▶ **Exercise prompt**
Omit all pictures, and print word for word only the lines from the one containing "Striped men's sweater" through the end of the data.

─── Supplied records

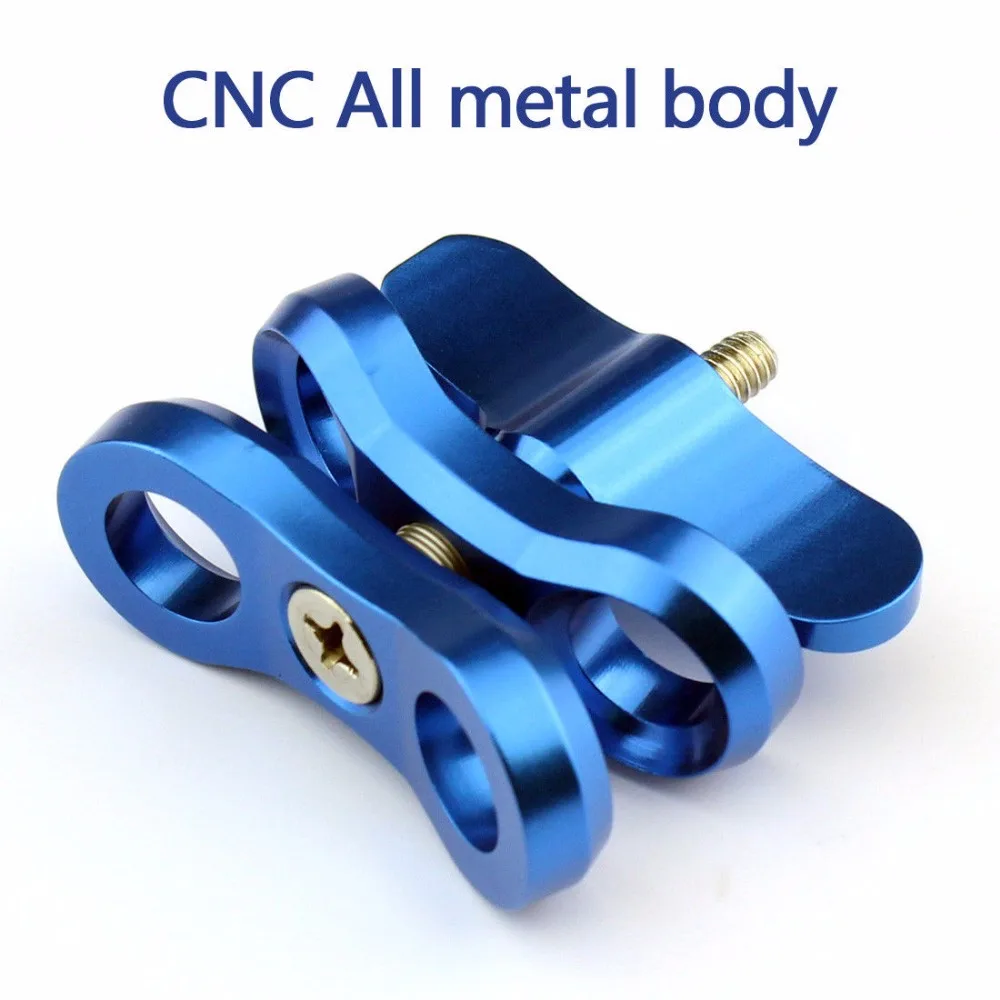XIANYUNDIAN Metal Two-Hole Ball Butterfly Clip Diving Lights Arm Camera Adapter Bracket for Gopro DJI Osmo Xiaomi Yi Eken Action Camera Accessories Mounts Clamps Camera Mounts Clamps XIANYUNDIAN Metal Two-Hole Ball Butterfly Clip Diving Lights Arm Camera Adapter Bracket for Gopro DJI Osmo Xiaomi Yi Eken Action Camera Accessories Mounts Clamps Camera Mounts Clamps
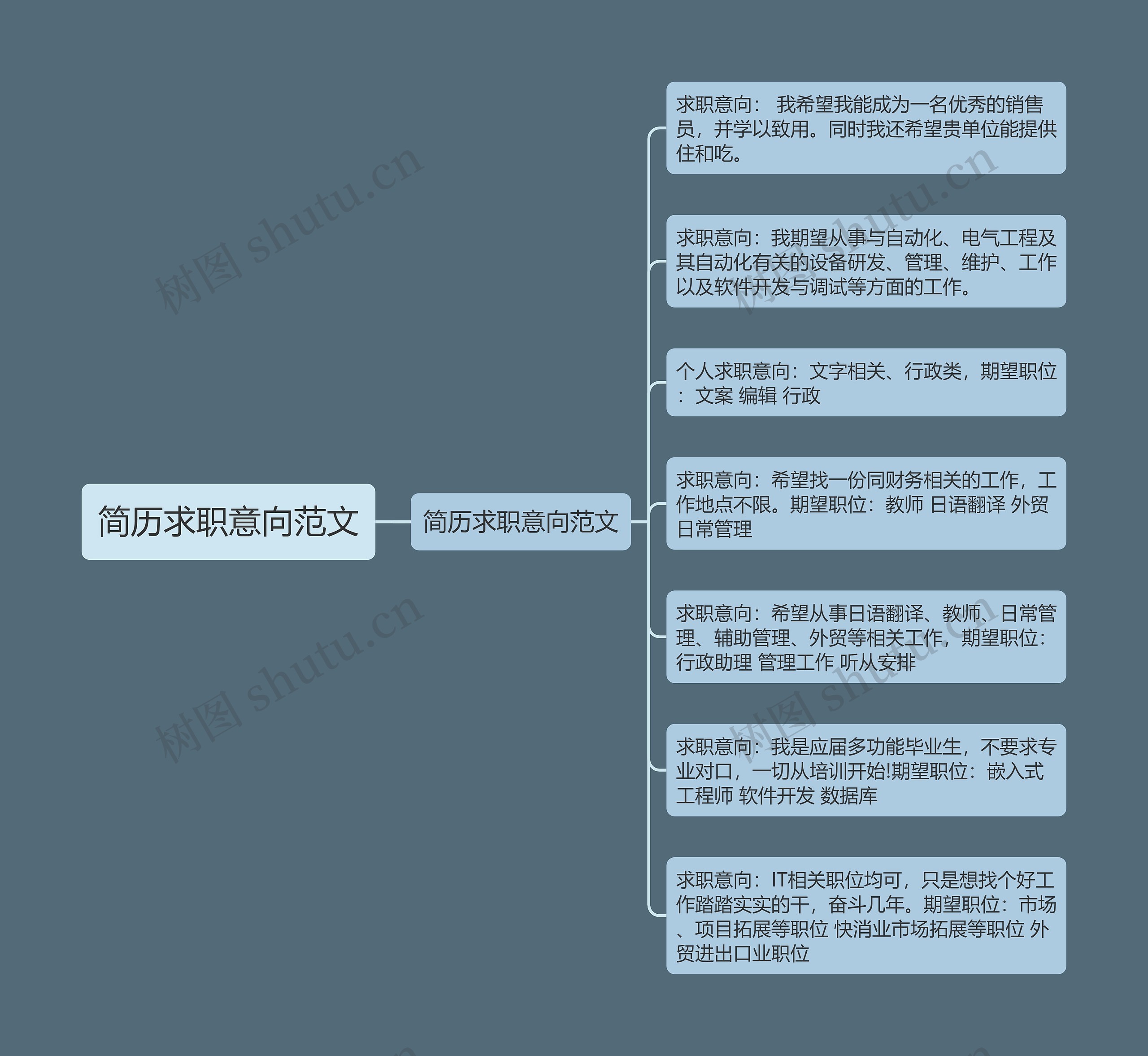 简历求职意向范文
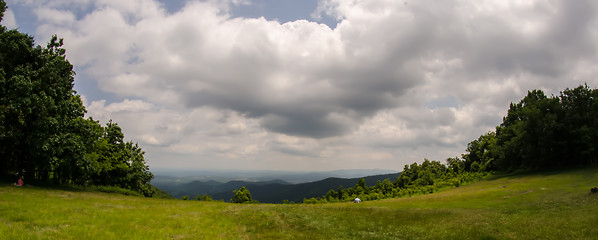 Image showing scenics along blue ridge parkway in west virginia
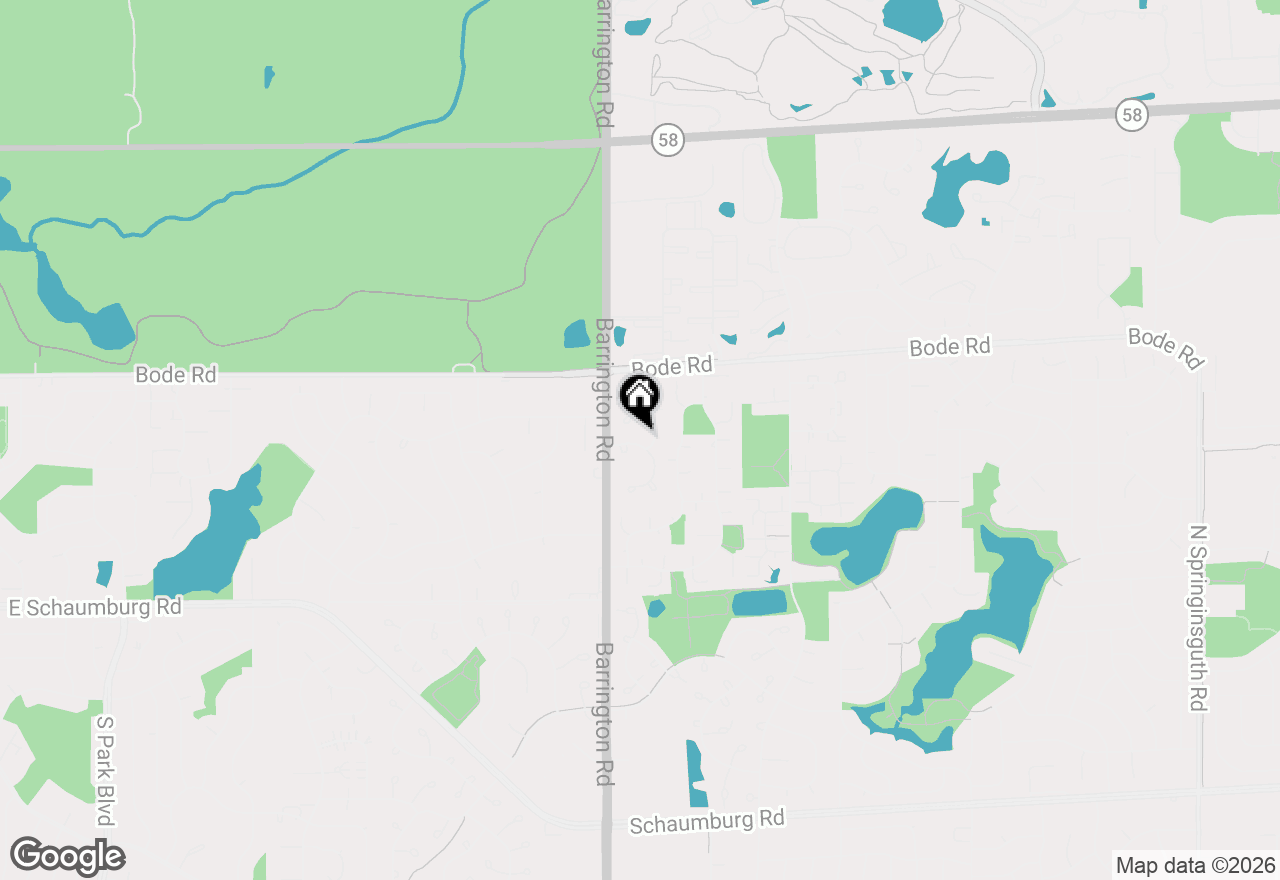 Map of 2018 Quaker Hollow Lane, Streamwood, IL 60107
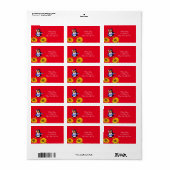Retouradres Labels Sunflower Penguin (Full Sheet)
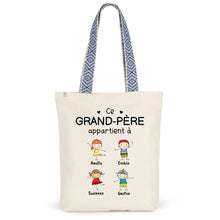 Charger l&#39;image dans la galerie, Jusqu&#39;à 20 enfants, Sac fourre-tout  personnalisé grand-père grand-mère, Sac fourre-tout fête des pères, fête des mères
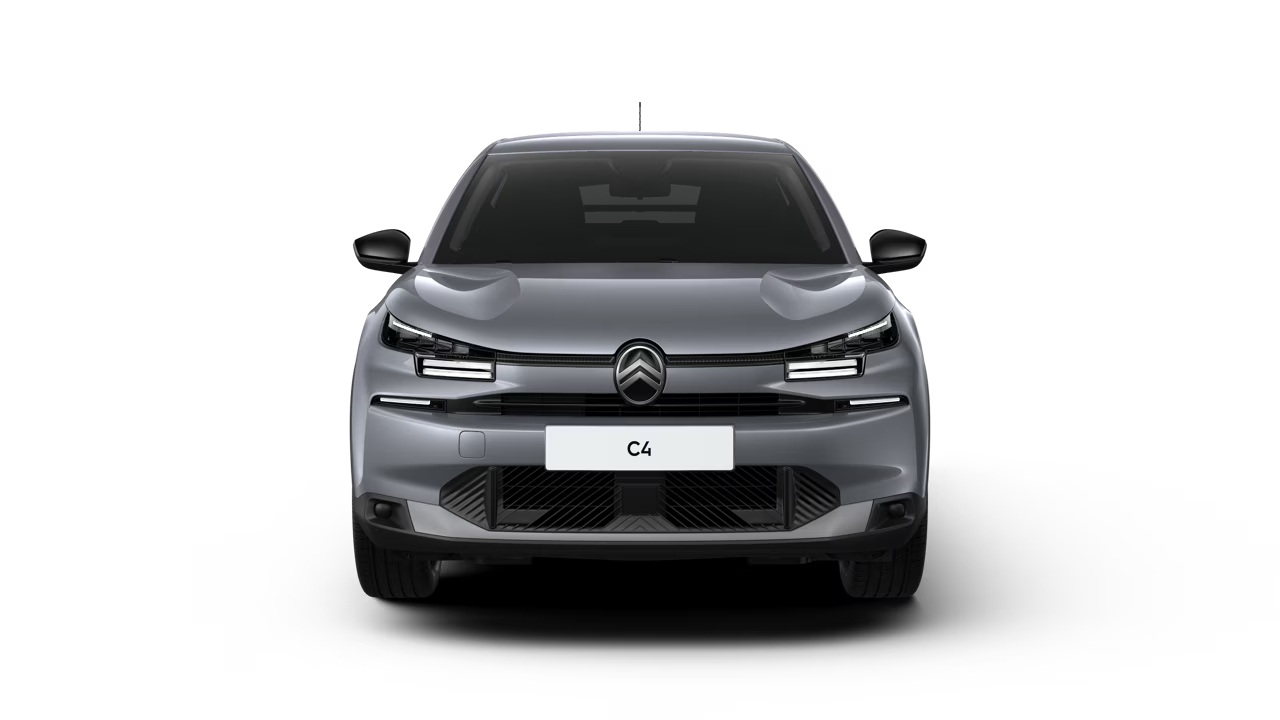 Renting New Citroën C4 Plus SUV Automático Híbrido Etiqueta ECO Gris Mercury Metalizado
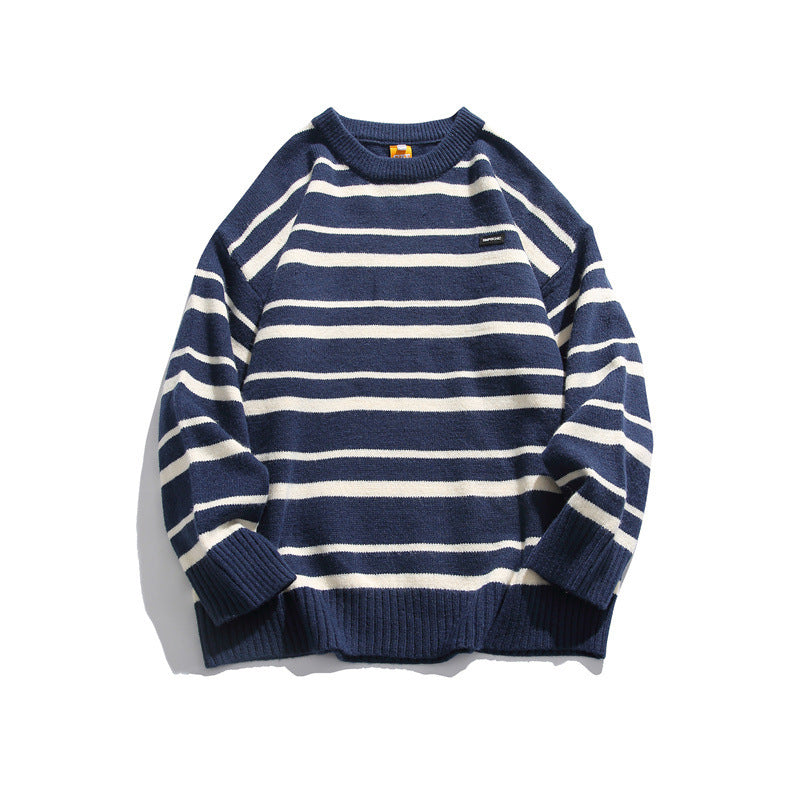 Striped men's sweater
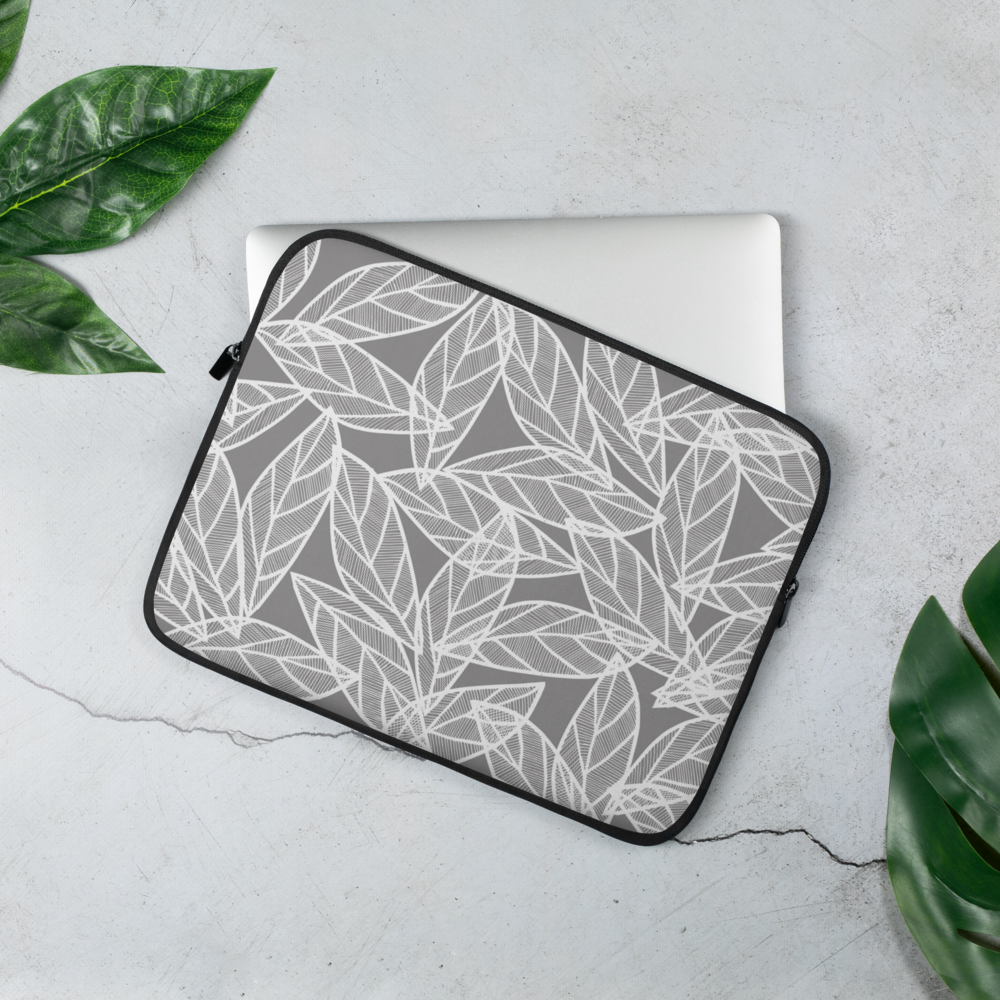 Messy White Leaves | Laptop Sleeve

──────

▶ **Output for this exercise**
 Striped men's sweater
 Messy White Leaves | Laptop Sleeve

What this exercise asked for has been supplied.